Praxe criminosa em Famalicão

MATA / MV — 2 Novembro 2009

praxe_mural_72dp.jpgEm 26 de Setembro, o tribunal de Famalicão considerou a direcção da Universidade Lusíada responsável pelos acontecimentos que conduziram à morte de um estudante. O MATA (Movimento Anti-“Tradição Académica”) relata o caso num comunicado de que publicamos as principais passagens.

Em Outubro de 2001, Diogo Macedo, estudante de arquitectura e membro da tuna académica, morreu devido a lesões cérebro-medulares, após acontecimentos ainda por esclarecer ocorridos na noite em que, aparentemente, tinha decidido abandonar a tuna por não suportar mais as praxes a que era submetido.

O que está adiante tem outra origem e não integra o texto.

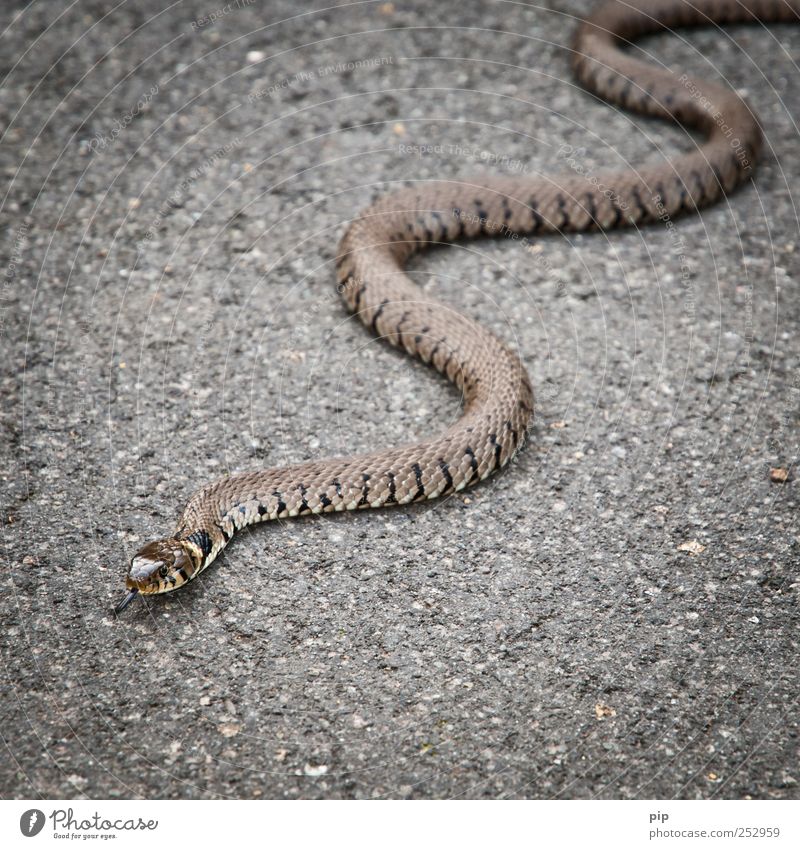 You shall crawl on your belly. Street Asphalt Wild animal Snake Scales Viper Ring-snake 1 Animal Fear Fear of death Dangerous Crawl Tongue Whorl Wiggly line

Inicialmente, a morte foi considerada acidental, mas a autópsia revelou múltiplas escoriações corporais, além da fractura de uma vértebra cervical resultante de agressão e que teria sido a causa da morte.

Dois elementos da tuna chegaram a ser constituídos arguidos. Contudo, o processo foi arquivado em 2004 por falta de provas. Com efeito, apesar de estarem perto de 20 pessoas nas mesmas instalações que Diogo, nenhuma delas se recordava dos acontecimentos. Após a morte, ter-se-ão reunido de urgência para gizar versões sobre os factos, oportunamente gerando uma “amnésia” colectiva que se apoderou dos “amigos” e “colegas” de Diogo, impedindo-os de fornecerem qualquer pormenor. O próprio juiz reconheceu o “muro de silêncio” que tinha sido criado.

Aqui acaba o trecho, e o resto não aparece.